- [Exercise instructions]:
I need every line that includes the word "рублей" copied from the material.

[[ Available data, beginning ]]

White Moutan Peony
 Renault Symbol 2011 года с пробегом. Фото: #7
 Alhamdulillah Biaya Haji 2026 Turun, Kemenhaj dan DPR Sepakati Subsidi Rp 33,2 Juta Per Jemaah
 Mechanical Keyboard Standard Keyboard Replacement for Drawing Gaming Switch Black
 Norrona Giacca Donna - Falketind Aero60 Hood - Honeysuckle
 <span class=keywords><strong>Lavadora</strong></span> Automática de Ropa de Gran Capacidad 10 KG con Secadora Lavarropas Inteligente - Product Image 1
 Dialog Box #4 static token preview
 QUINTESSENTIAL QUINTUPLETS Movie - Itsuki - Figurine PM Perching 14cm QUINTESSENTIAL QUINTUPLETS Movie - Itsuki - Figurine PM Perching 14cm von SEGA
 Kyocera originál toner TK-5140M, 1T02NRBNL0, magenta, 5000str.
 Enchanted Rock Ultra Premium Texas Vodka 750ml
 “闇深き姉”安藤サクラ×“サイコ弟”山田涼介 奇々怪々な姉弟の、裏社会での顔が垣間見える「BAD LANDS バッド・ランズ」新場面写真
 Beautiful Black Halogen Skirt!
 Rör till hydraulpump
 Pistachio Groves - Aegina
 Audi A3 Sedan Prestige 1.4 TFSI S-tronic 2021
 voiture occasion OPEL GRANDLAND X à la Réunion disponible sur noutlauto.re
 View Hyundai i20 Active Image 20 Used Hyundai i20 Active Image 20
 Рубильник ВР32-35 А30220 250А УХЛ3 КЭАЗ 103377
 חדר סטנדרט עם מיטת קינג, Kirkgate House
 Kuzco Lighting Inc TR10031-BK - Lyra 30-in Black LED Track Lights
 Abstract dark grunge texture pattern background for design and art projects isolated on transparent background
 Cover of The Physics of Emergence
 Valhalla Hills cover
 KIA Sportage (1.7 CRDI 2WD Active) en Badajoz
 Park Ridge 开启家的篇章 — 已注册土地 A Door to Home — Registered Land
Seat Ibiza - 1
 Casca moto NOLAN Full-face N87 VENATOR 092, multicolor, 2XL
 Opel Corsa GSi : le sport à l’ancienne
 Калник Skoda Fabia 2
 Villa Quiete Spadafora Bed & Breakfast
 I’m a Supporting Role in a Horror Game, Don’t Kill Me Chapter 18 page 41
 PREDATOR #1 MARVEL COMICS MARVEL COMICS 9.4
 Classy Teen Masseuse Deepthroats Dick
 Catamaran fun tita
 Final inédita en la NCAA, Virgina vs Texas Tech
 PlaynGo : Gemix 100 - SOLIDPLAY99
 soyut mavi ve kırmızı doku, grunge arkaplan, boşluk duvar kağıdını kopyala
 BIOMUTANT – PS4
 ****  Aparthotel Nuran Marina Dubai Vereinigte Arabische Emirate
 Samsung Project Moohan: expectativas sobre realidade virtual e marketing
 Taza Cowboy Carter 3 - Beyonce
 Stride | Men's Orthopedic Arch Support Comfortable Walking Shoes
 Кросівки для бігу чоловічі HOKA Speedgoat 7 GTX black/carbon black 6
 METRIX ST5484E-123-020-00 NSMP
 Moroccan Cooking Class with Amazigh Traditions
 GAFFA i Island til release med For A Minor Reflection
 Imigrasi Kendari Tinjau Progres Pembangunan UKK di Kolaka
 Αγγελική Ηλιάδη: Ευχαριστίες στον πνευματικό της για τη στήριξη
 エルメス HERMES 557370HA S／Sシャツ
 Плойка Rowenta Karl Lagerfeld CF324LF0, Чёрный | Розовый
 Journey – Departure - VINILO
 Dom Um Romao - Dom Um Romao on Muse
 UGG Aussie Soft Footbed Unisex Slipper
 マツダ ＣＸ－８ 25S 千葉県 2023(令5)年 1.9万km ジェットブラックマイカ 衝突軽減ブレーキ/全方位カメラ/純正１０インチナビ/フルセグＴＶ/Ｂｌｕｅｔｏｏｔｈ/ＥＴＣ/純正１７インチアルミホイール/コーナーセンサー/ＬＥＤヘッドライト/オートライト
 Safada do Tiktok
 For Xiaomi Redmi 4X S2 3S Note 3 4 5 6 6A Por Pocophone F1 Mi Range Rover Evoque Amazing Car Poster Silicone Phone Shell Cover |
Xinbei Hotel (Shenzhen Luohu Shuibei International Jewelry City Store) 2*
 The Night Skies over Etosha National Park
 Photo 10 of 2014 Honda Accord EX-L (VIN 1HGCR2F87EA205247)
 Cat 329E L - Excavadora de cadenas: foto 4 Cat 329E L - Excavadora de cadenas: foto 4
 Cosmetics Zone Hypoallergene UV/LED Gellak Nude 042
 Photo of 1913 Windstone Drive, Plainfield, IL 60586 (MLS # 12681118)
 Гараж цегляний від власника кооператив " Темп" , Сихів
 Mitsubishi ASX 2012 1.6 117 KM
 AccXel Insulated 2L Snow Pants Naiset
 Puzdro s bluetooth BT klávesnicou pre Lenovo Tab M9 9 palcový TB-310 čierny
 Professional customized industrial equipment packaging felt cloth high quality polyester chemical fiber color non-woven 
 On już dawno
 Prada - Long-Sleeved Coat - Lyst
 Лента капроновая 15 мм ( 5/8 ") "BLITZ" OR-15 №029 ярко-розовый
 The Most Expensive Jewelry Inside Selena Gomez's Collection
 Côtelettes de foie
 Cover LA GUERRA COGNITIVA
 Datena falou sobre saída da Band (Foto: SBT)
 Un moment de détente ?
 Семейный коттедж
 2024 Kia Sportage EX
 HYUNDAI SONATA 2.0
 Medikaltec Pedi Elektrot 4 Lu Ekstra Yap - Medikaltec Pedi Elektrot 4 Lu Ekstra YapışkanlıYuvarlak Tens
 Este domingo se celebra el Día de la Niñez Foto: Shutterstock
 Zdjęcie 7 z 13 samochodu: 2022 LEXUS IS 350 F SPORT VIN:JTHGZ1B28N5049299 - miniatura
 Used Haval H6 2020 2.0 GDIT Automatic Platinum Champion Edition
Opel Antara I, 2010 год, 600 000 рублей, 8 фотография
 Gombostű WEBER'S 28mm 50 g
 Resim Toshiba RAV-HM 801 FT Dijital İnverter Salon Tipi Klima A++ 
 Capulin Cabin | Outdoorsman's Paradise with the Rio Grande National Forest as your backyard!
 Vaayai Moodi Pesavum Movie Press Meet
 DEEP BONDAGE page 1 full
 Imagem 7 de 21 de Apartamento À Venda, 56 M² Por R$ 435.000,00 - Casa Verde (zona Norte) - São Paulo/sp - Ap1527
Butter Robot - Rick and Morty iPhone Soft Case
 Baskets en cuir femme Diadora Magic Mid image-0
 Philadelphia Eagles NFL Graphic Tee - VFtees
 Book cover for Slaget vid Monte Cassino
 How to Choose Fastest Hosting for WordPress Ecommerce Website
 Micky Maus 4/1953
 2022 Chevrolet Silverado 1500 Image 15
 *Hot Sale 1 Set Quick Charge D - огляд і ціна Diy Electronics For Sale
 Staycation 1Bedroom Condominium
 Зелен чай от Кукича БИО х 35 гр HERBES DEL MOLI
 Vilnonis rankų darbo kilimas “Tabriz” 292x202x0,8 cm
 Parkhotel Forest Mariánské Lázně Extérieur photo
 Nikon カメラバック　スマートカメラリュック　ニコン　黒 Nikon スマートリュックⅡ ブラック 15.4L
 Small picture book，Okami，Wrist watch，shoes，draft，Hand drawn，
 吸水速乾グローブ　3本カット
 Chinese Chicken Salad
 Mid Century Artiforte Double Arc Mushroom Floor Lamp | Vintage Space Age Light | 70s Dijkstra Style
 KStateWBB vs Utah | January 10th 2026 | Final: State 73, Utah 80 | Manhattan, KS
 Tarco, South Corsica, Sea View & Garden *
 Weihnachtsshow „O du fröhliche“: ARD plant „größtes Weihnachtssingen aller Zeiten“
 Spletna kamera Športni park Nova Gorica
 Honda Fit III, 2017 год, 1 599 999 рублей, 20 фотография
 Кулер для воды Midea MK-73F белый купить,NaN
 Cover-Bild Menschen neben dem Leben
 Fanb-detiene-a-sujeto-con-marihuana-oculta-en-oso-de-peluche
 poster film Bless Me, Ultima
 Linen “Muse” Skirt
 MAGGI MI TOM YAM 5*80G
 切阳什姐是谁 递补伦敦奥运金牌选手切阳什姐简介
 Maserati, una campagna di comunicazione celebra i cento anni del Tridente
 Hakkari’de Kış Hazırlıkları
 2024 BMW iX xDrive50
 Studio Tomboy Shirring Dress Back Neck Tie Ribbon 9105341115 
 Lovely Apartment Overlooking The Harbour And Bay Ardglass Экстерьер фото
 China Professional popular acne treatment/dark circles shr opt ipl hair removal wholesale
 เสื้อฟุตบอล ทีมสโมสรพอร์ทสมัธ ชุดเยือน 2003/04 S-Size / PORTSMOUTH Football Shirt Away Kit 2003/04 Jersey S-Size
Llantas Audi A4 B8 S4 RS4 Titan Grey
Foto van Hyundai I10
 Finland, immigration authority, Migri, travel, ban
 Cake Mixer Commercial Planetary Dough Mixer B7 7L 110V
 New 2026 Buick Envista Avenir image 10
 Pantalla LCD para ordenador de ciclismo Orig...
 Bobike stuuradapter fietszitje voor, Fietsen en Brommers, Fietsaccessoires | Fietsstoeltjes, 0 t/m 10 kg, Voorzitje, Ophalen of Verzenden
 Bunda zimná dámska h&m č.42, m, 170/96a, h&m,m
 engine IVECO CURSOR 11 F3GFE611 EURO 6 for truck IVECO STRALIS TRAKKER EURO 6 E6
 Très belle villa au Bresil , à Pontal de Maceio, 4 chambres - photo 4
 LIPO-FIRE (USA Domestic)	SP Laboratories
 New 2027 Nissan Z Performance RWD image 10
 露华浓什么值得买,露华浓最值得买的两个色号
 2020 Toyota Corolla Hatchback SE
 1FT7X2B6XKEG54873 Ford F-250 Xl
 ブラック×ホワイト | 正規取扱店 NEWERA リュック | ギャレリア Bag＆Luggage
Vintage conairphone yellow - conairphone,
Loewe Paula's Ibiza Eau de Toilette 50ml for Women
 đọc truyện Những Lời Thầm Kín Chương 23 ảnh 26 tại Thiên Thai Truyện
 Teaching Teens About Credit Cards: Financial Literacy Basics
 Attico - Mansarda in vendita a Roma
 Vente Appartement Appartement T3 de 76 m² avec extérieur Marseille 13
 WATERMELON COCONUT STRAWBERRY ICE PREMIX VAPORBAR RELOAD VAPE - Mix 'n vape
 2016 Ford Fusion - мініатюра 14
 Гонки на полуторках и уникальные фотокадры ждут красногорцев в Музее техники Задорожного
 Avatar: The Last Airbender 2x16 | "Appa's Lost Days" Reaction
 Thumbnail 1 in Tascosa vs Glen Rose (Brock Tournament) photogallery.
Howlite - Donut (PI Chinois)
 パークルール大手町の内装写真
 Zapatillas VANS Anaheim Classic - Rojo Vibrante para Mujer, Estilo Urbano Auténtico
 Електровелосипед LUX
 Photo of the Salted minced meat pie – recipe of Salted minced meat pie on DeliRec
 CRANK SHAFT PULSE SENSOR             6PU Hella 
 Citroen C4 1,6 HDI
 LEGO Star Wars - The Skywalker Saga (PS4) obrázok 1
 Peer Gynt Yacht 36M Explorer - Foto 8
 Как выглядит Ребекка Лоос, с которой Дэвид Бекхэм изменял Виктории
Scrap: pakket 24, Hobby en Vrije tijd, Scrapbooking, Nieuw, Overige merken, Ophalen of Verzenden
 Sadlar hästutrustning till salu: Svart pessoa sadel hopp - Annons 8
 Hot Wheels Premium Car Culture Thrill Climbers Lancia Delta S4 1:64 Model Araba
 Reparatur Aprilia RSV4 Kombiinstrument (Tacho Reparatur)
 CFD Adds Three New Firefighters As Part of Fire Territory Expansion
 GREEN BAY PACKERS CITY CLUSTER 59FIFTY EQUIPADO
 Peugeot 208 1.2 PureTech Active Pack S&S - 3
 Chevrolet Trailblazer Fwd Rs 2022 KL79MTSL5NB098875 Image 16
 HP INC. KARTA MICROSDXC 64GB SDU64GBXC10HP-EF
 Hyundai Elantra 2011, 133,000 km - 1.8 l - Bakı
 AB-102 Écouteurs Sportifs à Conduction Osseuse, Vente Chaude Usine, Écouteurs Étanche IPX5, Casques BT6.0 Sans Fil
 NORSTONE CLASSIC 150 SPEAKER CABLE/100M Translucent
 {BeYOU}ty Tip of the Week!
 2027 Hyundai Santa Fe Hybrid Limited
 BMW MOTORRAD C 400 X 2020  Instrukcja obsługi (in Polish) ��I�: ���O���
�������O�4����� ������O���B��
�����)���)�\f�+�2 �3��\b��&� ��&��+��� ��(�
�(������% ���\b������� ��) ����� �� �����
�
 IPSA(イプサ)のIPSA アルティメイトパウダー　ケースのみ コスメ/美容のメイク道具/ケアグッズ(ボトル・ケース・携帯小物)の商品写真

[[ Available data, end ]]

- [Response below]:
Opel Antara I, 2010 год, 600 000 рублей, 8 фотография
 Honda Fit III, 2017 год, 1 599 999 рублей, 20 фотография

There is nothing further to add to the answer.